Biostep7777's picture

Biostep7777's picture

Recently we became aware that HCBM tracks stepkids the entire time they are with us which means she tracks US! I am creeped out and completely uncomfortable with this. 
we FINALLY have a court date next month. Is it acceptable to ask in the court order for her not to track the kids when they are with us?? 

BoyMomGirlStepMom's picture

But, I think even if it is ordered, what makes it so she really stops? You'll never really know if she stops and even if you discover she is tracking you, your only recourse is more court.

my best suggestion is to take it up with the kids. I'm assuming she is tracking their phones, so the rule should be turn off their location services or the phones have to stay at home. Kids won't like it, HCBM will hate it, but we are all entitled to privacy.

CastleJJ's picture

For starters, you won't be able to prove in court that BM tracks the kids and she will just deny it. You can't add that kind of thing to the CO as it is speculation. I agree - take it up with the kids or confiscate their devices and leave them at home. 

Our HCBM sent SS9 with a kid's smart watch over the summer. SS was so excited to show us all the cool features, including the tracking portion that sent BM and her GF updated GPS coordinates every 15 minutes. You better believe we turned that watch off and took it away, telling SS we didnt want him losing it or breaking it.
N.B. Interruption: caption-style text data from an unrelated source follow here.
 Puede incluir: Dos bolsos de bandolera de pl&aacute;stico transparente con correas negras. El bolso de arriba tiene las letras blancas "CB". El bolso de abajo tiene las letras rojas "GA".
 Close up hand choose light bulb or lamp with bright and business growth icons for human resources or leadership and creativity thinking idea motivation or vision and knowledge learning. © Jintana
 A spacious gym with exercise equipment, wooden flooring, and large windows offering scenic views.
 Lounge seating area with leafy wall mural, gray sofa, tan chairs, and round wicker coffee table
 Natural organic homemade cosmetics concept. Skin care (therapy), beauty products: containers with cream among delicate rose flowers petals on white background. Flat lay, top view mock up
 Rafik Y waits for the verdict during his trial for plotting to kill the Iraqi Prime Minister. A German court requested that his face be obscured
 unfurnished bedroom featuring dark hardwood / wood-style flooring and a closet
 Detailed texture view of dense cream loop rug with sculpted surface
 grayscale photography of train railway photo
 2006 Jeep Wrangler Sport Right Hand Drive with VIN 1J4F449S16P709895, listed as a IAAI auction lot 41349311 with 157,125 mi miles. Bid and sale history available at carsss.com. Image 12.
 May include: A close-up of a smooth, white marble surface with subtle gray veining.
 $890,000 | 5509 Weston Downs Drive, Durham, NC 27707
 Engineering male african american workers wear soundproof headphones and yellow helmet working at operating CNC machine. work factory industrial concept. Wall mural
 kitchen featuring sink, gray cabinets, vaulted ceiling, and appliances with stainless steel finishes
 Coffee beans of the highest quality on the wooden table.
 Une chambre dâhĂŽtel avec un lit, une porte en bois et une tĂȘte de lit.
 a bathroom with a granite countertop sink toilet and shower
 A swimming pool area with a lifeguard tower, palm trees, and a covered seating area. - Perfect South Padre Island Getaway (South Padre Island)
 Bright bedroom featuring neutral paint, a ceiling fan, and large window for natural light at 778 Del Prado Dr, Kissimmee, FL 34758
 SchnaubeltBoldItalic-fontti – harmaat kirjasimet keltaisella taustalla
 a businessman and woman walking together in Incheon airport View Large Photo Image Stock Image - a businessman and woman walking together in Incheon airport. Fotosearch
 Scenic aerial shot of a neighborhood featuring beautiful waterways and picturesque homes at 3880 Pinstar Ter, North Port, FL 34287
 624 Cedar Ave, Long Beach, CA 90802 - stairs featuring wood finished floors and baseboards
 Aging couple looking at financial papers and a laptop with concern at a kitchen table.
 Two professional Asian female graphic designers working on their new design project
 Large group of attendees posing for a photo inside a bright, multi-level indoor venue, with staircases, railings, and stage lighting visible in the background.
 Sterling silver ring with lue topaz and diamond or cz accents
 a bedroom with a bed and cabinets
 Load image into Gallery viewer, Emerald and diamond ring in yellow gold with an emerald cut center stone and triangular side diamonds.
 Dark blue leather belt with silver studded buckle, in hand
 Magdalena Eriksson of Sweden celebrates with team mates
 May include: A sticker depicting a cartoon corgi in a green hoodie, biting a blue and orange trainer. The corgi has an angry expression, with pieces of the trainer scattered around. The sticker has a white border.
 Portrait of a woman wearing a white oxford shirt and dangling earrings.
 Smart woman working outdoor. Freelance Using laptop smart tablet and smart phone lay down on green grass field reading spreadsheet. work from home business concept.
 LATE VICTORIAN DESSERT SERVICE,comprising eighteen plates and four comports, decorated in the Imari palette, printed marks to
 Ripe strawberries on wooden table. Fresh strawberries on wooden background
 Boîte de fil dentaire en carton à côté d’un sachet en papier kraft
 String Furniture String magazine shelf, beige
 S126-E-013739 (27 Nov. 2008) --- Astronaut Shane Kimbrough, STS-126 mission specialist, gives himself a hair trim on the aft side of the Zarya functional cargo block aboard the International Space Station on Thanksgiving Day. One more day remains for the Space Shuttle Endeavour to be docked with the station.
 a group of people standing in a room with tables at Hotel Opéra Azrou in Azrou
Funny thing is - when we went to give it back to SS at the end of the visit, it was on again, and SS said that BM could remotely power on the watch from her phone. I hope BM enjoyed tracking the inside of our pantry for two weeks. Moral of the story: SS never came back to us with the watch again. 

Biostep7777's picture

We have proof. We have texts of her telling them to turn on their tracking. I hear you though. I'm just creeped the hell out! 

CastleJJ's picture

Yeah any judge is basically going to say "two wrongs don't make a right" and then they won't do anything about it anyway. 

ESMOD's picture

I doubt you will get device app level permissions into your CO.  BUT, as their father, your DH can dictate that they turn off tracking.. or leave devices at home.  BM may get angry, but  while she may have the plans and pay for the devices... she can't force your DH to allow them to use those devices at his house.  He could simply lock them in a drawer upon arrival.  I know kids live and breathe by their phones, so that would definitely not be wanted by the skids.. so they may agree to turning off the location.  If BM calls him... he can say, it's none of her business where they are when they are in their father's custody... and he won't agree to tracking when they are with him.  

He could compromise and allow them to turn it on when they are out somewhere without him maybe but that's it.

Biostep7777's picture

She will say he is abusing them and blocking them from calling her for help. Been there already. Took phones away when they wouldn't stop arguing one day and she stated he took them away so they couldn't call for help. I literally hate her. 

Winterglow's picture

I do hope your lawyer asked her on what basis she is claiming your DH abuses his kids. 

Rags's picture

When the Skids arrive, lick their phones in a metal box.  Give them back when they leave.  End of tracking problem.